今年、令和5年(2023)も今日(12月26日)を入れて残すところ6日となりました。
今回は、「取手の橋を訪ねて」の(その2)になります。

相野谷川(あいのやがわ)に架かる土橋(どはし)

今回紹介する橋は、前回に続き江戸時代には水戸街道であった道にあります。
場所は下の地図をご参照ください。前回紹介した釜神橋よりは、やや南にあります。
橋は、相野谷川に架かっています。このあたりでは、相野谷川が長兵衛新田と小泉の境界となっています。
平成17年(2005)3月28日の旧取手市と旧藤代町との合併以前は、取手市と藤代町との境界でもありました。写真は下になります。左が北側で、右が南側になります。
旧水戸街道の相野谷川に架かる土橋(遠景)
もう少し近づいた写真が、下になります。橋はコンクリート製です。
旧水戸街道の水戸街道に架かる土橋
道路にはセンターラインが引かれ、右側(東側)には歩道もつけられています。下の写真です。
旧水戸街道に架かる土橋の道路面
南東側の親柱には平仮名で「どはし」と彫られています。下の写真です。
親柱に彫られた「どはし」の文字
北西側の親柱には漢字で「土橋」と彫られています。下の写真です。
親柱に彫られた「土橋」の文字
この橋の名称は「土橋」で、「どばし」とは濁らずに「どはし」と読むようです。
また北東側の親柱には「相野谷川」・「旧陸前浜街道」、南西寄りの親柱には「平成2年2月竣功」と彫られていて、平成2年2月に竣工していることがわかります。橋が架けられた平成2年からは、すでに33年がたっています。
親柱に彫られた「相野谷川」と「旧陸前浜街道」の文字

親柱に彫られた「平成2年竣工」の文字

土橋の名称の由来

さてコンクリート製のこの橋が、なにゆえに「土橋」(どはし)と呼ばれているのでしょうか。
おそらくは、江戸時代に水戸街道のここ相野谷川に土橋が架けられていたことに由来しているかと思われます。
土橋とは江戸時代に架けられた橋の種類の一つで、橋げたに丸太を並べて作ります。
丸太をただ並べただけでは、人が歩いたり荷車や牛馬が通るときにデコボコして通りづらいので、丸太の上に土をかぶせて路面を平にしたのです。イメージとしては、土で舗装するようなものです。

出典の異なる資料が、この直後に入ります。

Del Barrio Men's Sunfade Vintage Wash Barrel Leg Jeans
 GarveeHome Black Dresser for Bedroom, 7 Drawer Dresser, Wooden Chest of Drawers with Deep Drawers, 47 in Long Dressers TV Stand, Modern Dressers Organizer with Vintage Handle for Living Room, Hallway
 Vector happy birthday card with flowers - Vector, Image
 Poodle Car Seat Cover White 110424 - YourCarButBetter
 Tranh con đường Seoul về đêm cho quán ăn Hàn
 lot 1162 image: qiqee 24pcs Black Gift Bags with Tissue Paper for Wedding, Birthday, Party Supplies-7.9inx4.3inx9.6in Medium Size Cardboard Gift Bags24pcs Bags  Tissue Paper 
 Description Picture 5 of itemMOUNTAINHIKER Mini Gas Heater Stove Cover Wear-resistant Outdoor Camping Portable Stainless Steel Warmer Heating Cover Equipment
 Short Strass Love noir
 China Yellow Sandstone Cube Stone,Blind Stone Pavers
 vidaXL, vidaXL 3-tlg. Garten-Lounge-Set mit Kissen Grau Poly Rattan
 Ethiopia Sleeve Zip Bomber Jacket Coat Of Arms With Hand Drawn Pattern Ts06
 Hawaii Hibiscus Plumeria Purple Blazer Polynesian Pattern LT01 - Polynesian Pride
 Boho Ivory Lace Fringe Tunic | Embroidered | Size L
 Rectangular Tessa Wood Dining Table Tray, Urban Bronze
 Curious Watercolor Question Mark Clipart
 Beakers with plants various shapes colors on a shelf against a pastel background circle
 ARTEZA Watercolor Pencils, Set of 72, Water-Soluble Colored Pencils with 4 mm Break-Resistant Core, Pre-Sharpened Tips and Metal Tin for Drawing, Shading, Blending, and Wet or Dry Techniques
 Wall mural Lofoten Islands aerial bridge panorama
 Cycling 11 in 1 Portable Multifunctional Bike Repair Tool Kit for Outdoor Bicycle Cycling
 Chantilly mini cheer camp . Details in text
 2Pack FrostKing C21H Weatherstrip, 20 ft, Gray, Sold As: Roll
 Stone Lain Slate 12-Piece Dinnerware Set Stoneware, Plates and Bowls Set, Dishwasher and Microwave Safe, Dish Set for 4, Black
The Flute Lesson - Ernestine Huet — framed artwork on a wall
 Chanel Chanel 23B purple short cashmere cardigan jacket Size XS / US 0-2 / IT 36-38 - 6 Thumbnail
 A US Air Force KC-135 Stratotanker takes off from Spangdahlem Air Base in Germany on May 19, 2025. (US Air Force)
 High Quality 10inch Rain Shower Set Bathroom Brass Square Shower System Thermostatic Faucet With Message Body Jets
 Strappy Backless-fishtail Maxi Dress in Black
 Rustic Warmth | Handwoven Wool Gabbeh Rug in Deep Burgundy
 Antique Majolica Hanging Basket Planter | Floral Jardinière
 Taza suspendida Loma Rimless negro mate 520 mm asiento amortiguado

下の図は、『土木工要録(どぼくこうようろく)』付図にある「土橋之図」です。
『土木工要録』にある土橋の図(国立公文書館デジタルアーカイブ)
(国立公文書館デジタルアーカイブより)
『土木工要録』は、明治新政府の内務省土木局(現在の国土交通省の前身の一つ)が、江戸幕府の有した土木技術を調査・整理し、継承するために明治14年(1881)3月に刊行したものです。
学生時代、江戸時代の土木構造物の形態がいくら文献を読み込んでもさっぱりわからずに往生していた時に、先輩が「『土木工要録』の付図を見るといいよ」と教えてくれました。『土木工要録』付図を開いたとき、それまでの疑問が一気に霧散し、まさに蒙(もう)が啓(ひら)けたのが、昨日のことのように思い起こされます。

それはさておき、この土橋とほぼ同じ橋が、今でも市内にあります。
写真は下になります。
西浦川に架かる土橋
場所は市内清水地区、六郷小学校やJR常磐線の踏切近くの西浦川に架かっています。
橋げたの上に丸太を並べ、さすがに土ではありませんがコンクリートで舗装しています。
道路面の状況は、次の写真をご覧ください。
西浦川に架かる土橋の道路面
この橋を初めて見た時、「今でも土橋が架かっている。」と驚いたことを覚えています。

旧水戸街道の相野谷川にも、このような土橋が架かっていて、その名称が現在のコンクリート製の橋にも引き継がれているのではないかと考えられます。

最後にお詫びとお礼

今回は(今回も)思いのほか長文となってしまいました。
それにもかかわらず、最後までお読みいただき、まことにありがとうございます。
本年の「月木SAY」(げつもくせい)のささやきは、今回が最後になるかと思います。
この場をお借りしまして、今年1年間のお礼を申し上げます。